Di ritorno dal Sinodo, con tanto entusiasmo addosso. Gioele Anni, consigliere del settore giovani dell’Azione Cattolica, è stato uno dei 34 giovani uditori al Sinodo dei giovani.
Quali erano le attese della vigilia? E, soprattutto: sono state rispettate?
Le attese erano tante, perché il percorso del Sinodo parlava il linguaggio di noi giovani, che percepiamo – eccome! – la distanza tra molti nostri coetanei e la Chiesa. Il tema del discernimento vocazionale mi è sembrato l’occasione per costruire un ponte. Perché, cattolici o no, credenti o no, tutti arrivano prima o poi a chiedersi: ma io perché sono al mondo? Non è detto che si arrivi a una risposta religiosa, ma la domanda è comune. Quanto al lavoro del sinodo, posso dire che noi giovani uditori ci siamo sentiti “protagonisti”, anche se questo termine può prestarsi a fraintendimenti, e comunque molto ascoltati. La dinamica è stata di cammino insieme: giovani e padri si sono (o meglio, ci siamo) riconosciuti in cammino sulla stessa strada.
Il documento finale rischia di essere oggetto di molti slogan, mettendo l’accento solo su questa o quella questione. Ma c’è un tema che, magari per una tua particolare sensibilità, ti ha colpito di più?
In effetti, la forza di questo documento sta proprio nel leggerlo tutto intero, nel non spezzettarlo. Mostra una visione integrale dei giovani, al termine di un cammino lungo due anni. Ma non sfuggo alla domanda e, rispetto ai temi, ne dico due. Il primo: i giovani considerati parte attiva della Chiesa, non oggetto di evangelizzazione ma soggetti. Dare spazio ai giovani non vuol dire metterli in un “parlamentino” nel quale prendere alcune decisioni, ma averli integrati in spazi di corresponsabilità. Il secondo tema è quello dell’affettività. Mi ha colpito come i padri abbiano trattato questo tema, con pudore, competenza, voglia di ascoltare le nostre fatiche, le nostre fatiche e i nostri slanci. E credo che questo sguardo, nel documento, emerga tutto.
Chiuso il Sinodo, c’è il rischio che quanto di buono costruito possa fermarsi e non dare frutto?

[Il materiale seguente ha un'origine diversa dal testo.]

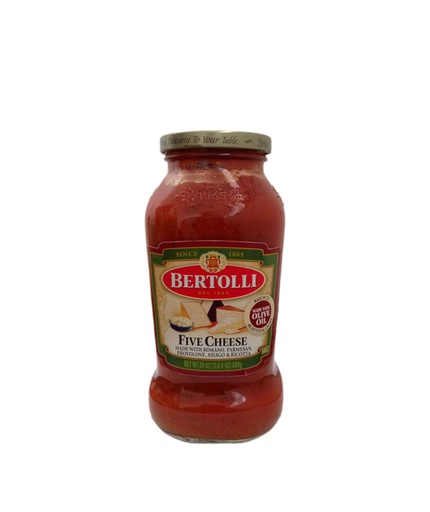 [036200219225] SALSA BERTOLLI FIVE CHEESE 24O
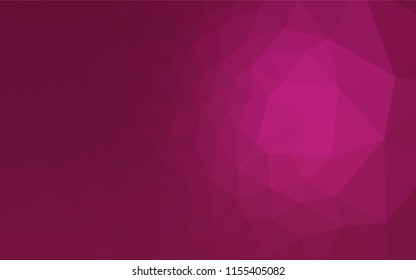 Dark Pink vector abstract polygonal layout. Creative illustration in halftone style with gradient. The best triangular design for your business.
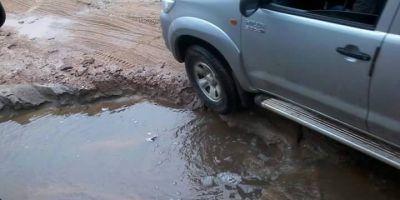Praticamente intrafegáveis as estradas da Pacheca, 6º Distrito de Camaquã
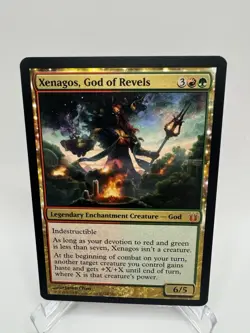Magic The Gathering MTG Born Of The Gods #156 Xenagos, God Of Revels - Image 1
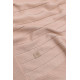 Bamboom плед knitted stripes - Pink 04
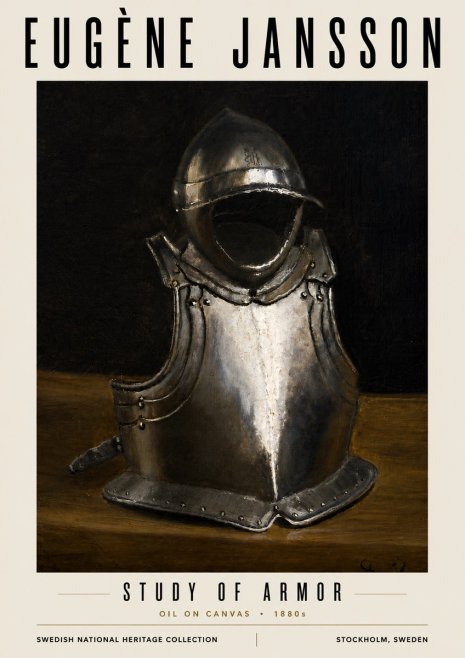 Eugène Jansson Study of Armor No5 - Poster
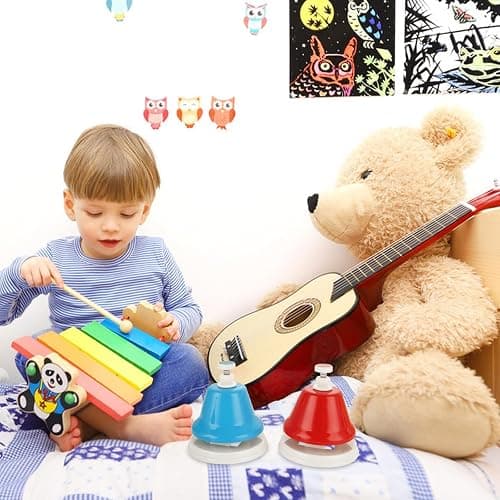 MUXHEL 8 Pcs Rainbow Desk Bells, 8 Notes Diatonic Metal Musical Bells, Musical Bells Musical Learning for Musical Teaching Church thumbnail 6
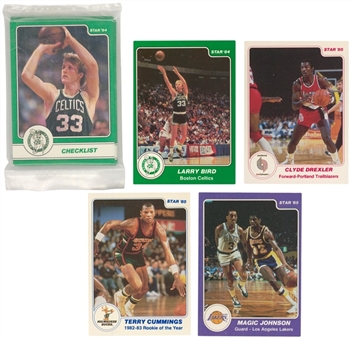 1984-85 Star Basketball Cards Collection Including Bird, Magic and Drexler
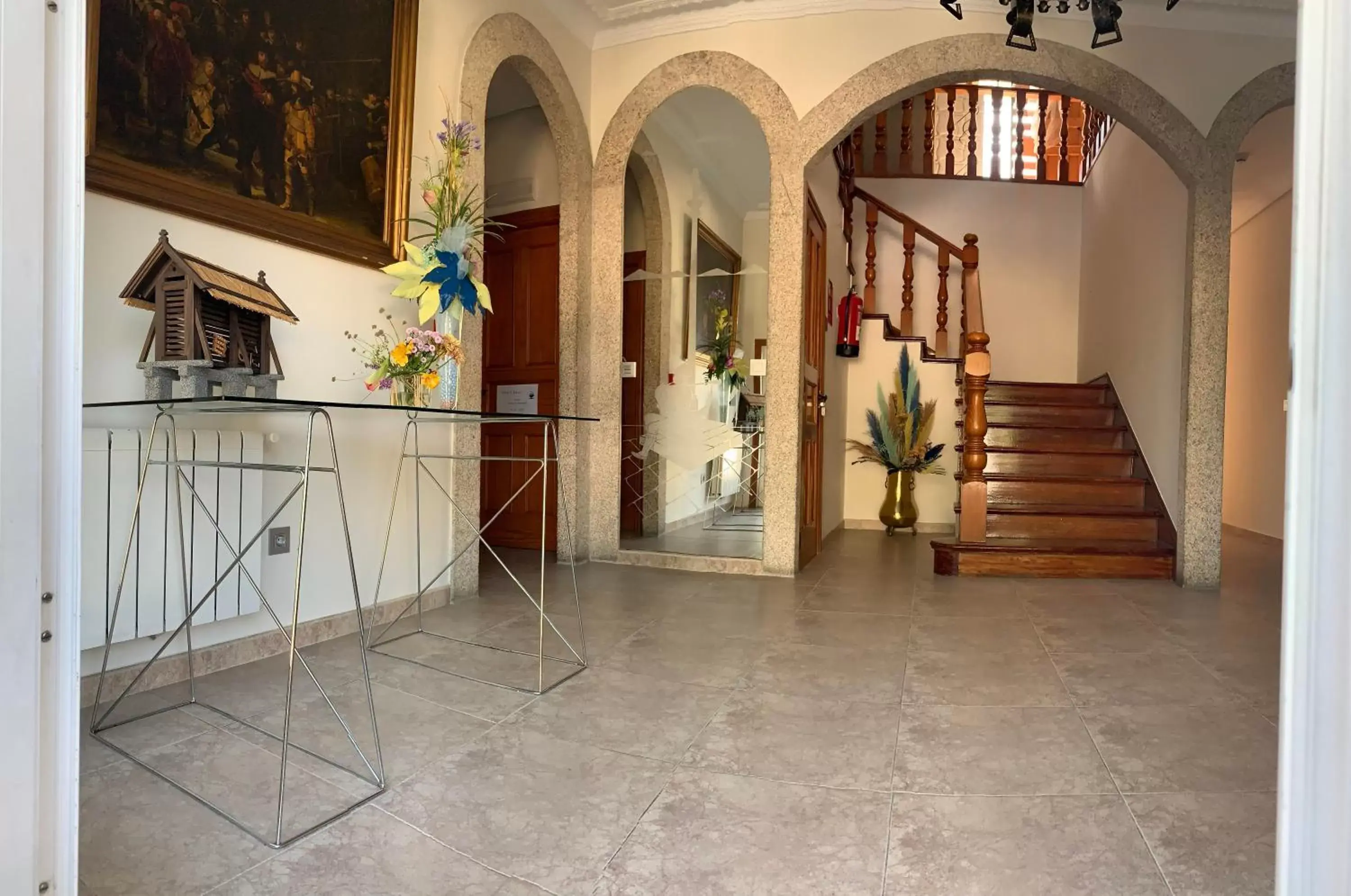 Lobby or reception in Hotel O'Pazo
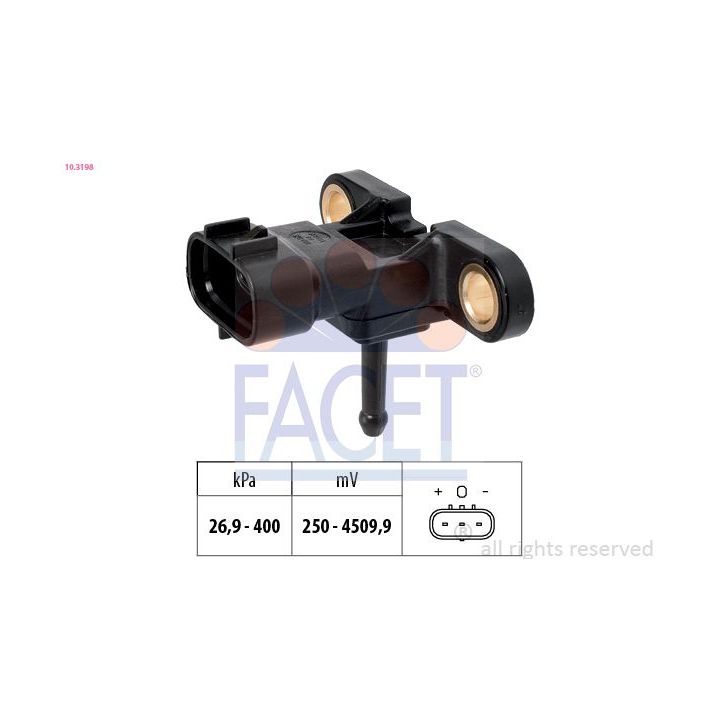 Oro slėgio jutiklis, aukščio adaptacija FACET 10.3198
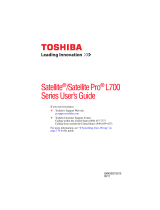 Toshiba L650-ST3N01X User manual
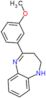 4-(3-methoxyphenyl)-2,3-dihydro-1H-1,5-benzodiazepine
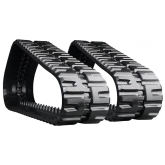 case tv450b set of 2 16" standard duty c tread rubber tracks (400x86bx55)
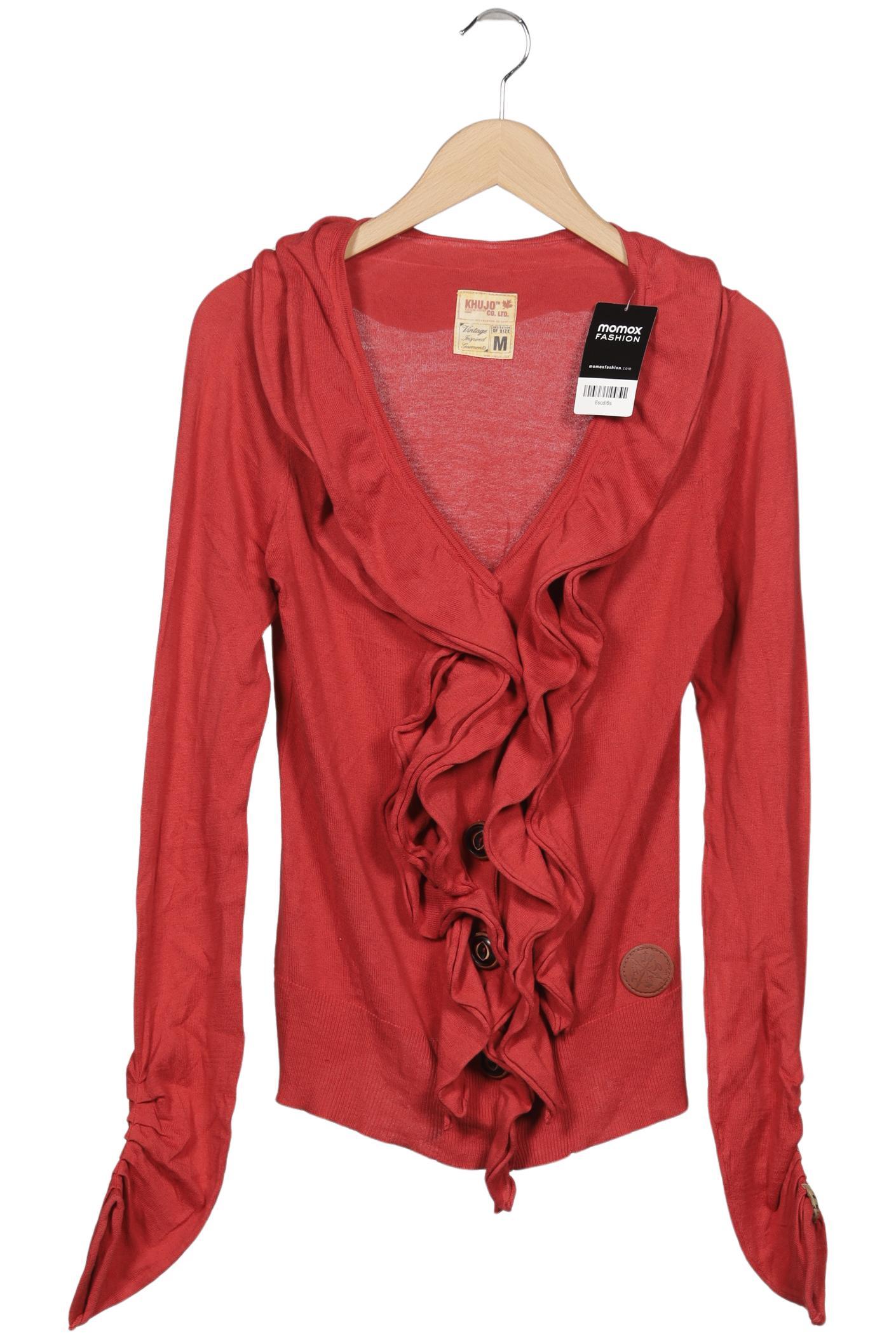 

Khujo Damen Strickjacke, rot, Gr. 38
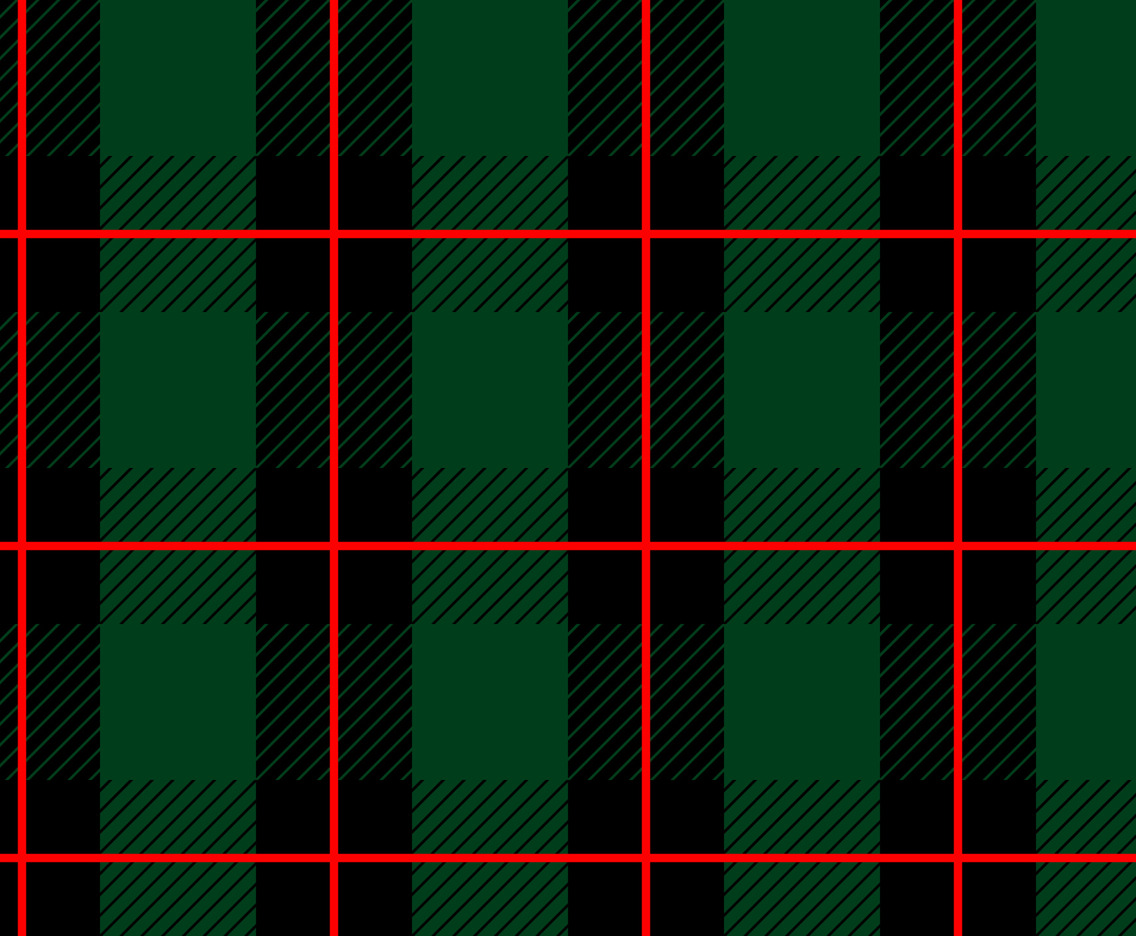 Green Buffalo Plaid Seamless Pattern
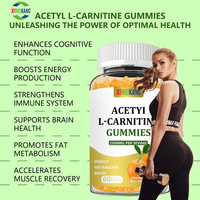 Gummies de suppléments d'acétyl-L-carnitine saveur orange, formule scientifique OEM ODM, favorisent un métabolisme sain et apportent de l'énergie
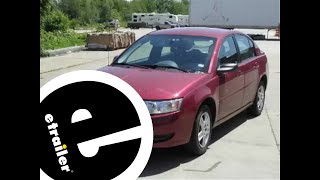 etrailer | Beginner’s Guide to Installing the Curt Trailer Hitch Receiver on a 2007 Saturn Ion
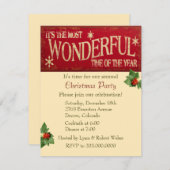 Geweldige kerstfeestdag kaart (Voorkant / Achterkant)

Credo che il rischio ci sia sempre, in particolare nella “pastorale dei convegni” che ovviamente è necessaria ma da sola è insufficiente. Penso che il Sinodo abbia fatto la scommessa di introdurre momenti originali – penso al momento del pellegrinaggio con padri e giovani insieme – e che soprattutto debba continuare nelle chiese locali, favorendo le occasioni di apertura ai giovani. Non penso al classico incontro rivolto ai ragazzi, ma anche a modalità nuove, attraverso la cura nelle scuole e nelle università, l’attenzione ai poveri e tanto altro. Valorizzando anche tutto il buono che la Chiesa sta già facendo.